**ABOUT THIS EXERCISE:**
Copy out the data from the line containing "VITS EXCELLENSEA KARDE" to its last line, exactly. No pictures.

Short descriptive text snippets

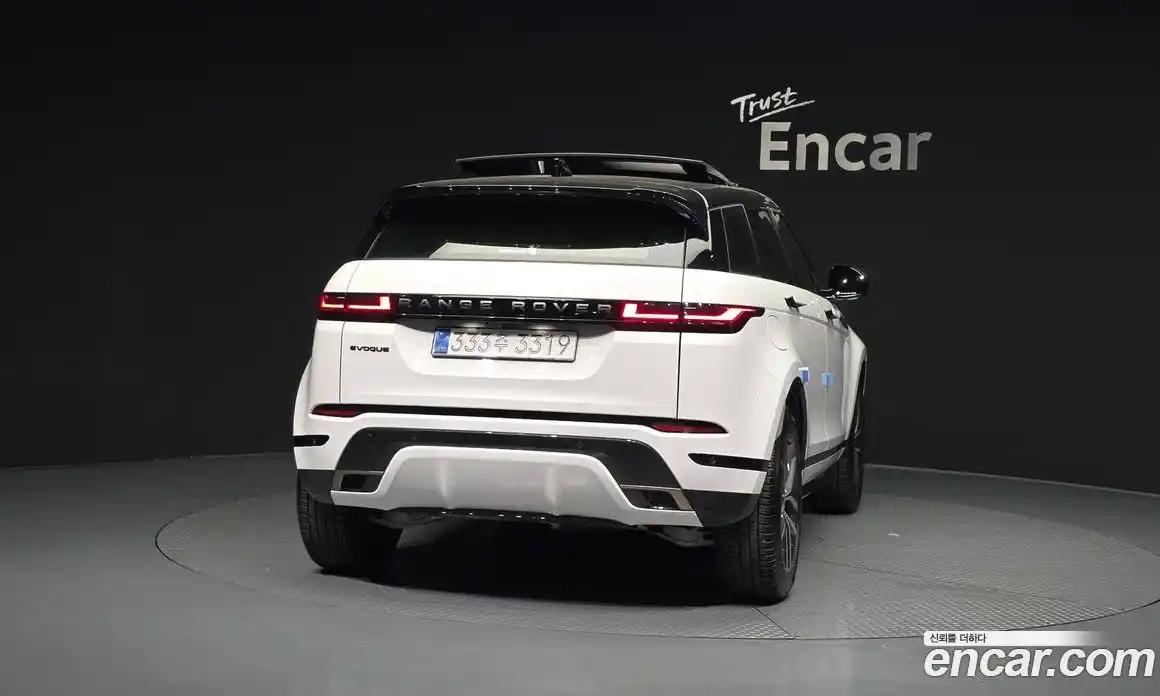 Land Rover Range-Rover Evoque 2025 2.0 гидро в Москве № 1135870, фото 4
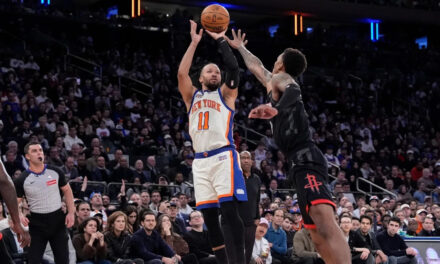 Knicks remontan 18 puntos en el 4to periodo y vencen a Rockets por 108-106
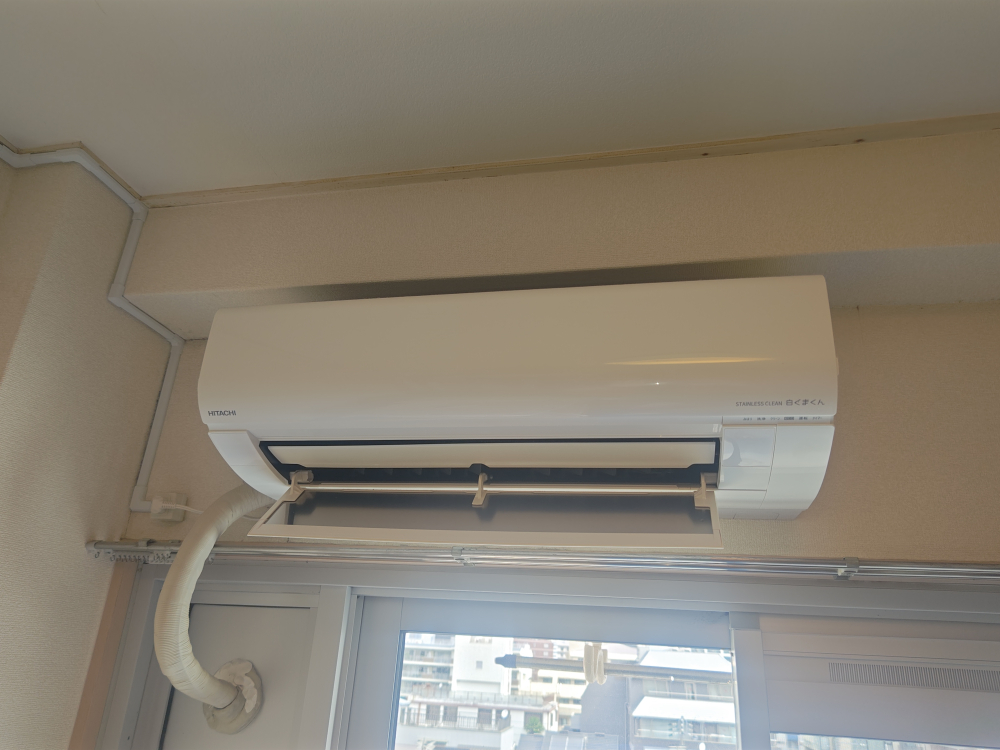 東京都新宿区市谷薬王寺町のお掃除機能付きエアコンの作業前2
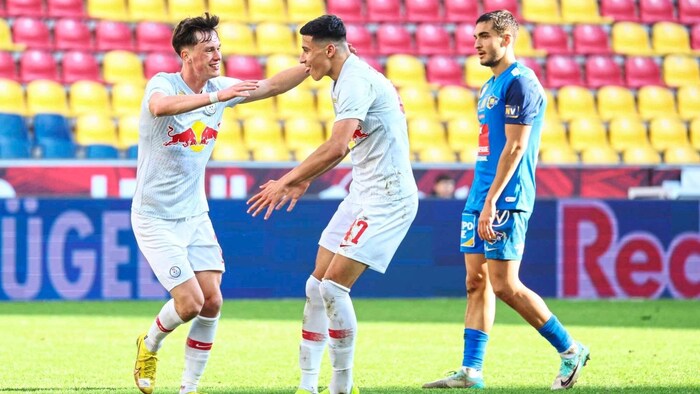 Vergangene Saison jubelte der Pongauer mit Adam Daghim (re.), der mittlerweile bei den Bullen ...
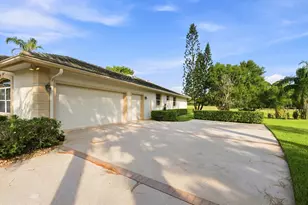 3608 Twin Lakes Terrace, Fort Pierce, FL 34951 - Photo 5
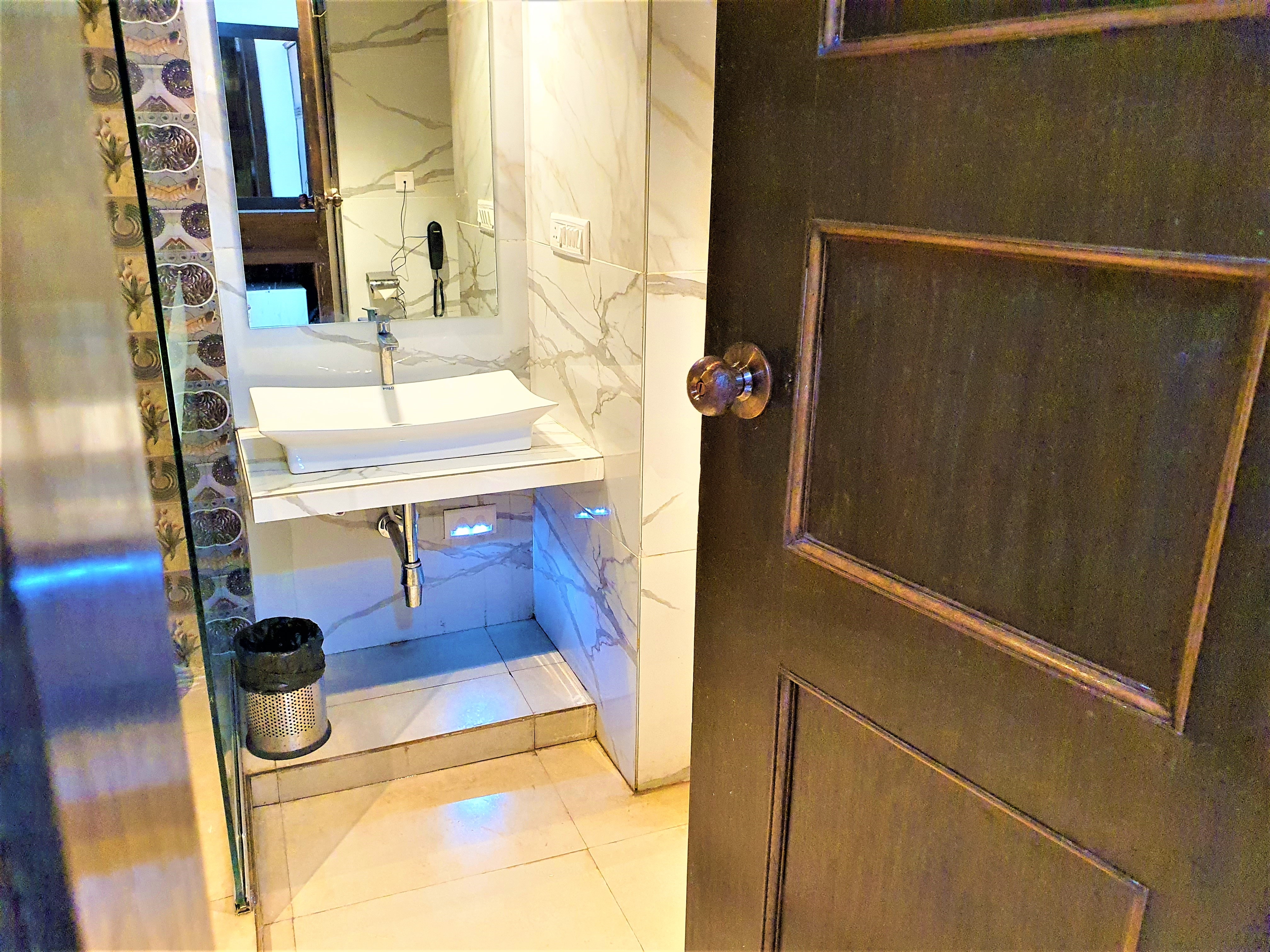 VITS EXCELLENSEA KARDE BEACH - Tap to explore photos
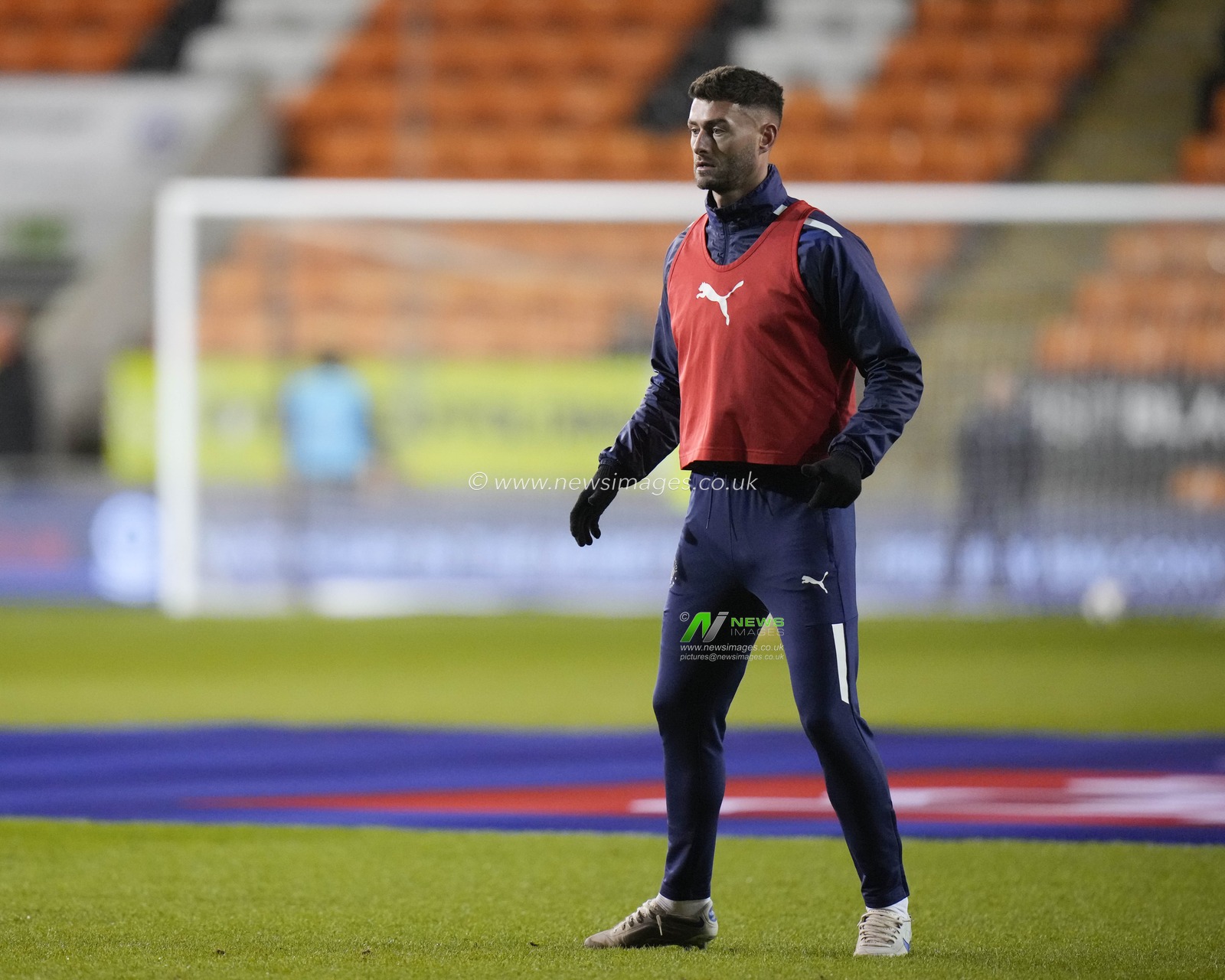 Gary Madine #14 of Blackpool warms up before before the Sky Bet Championship match Blackpool vs Sheffield United at Bloomfield Road, Blackpool, United Kingdom, 29th December 2022

(Photo by Steve Flynn/News Images)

**SOLUTION TO THIS EXERCISE:**
 VITS EXCELLENSEA KARDE BEACH - Tap to explore photos
 Gary Madine #14 of Blackpool warms up before before the Sky Bet Championship match Blackpool vs Sheffield United at Bloomfield Road, Blackpool, United Kingdom, 29th December 2022

(Photo by Steve Flynn/News Images)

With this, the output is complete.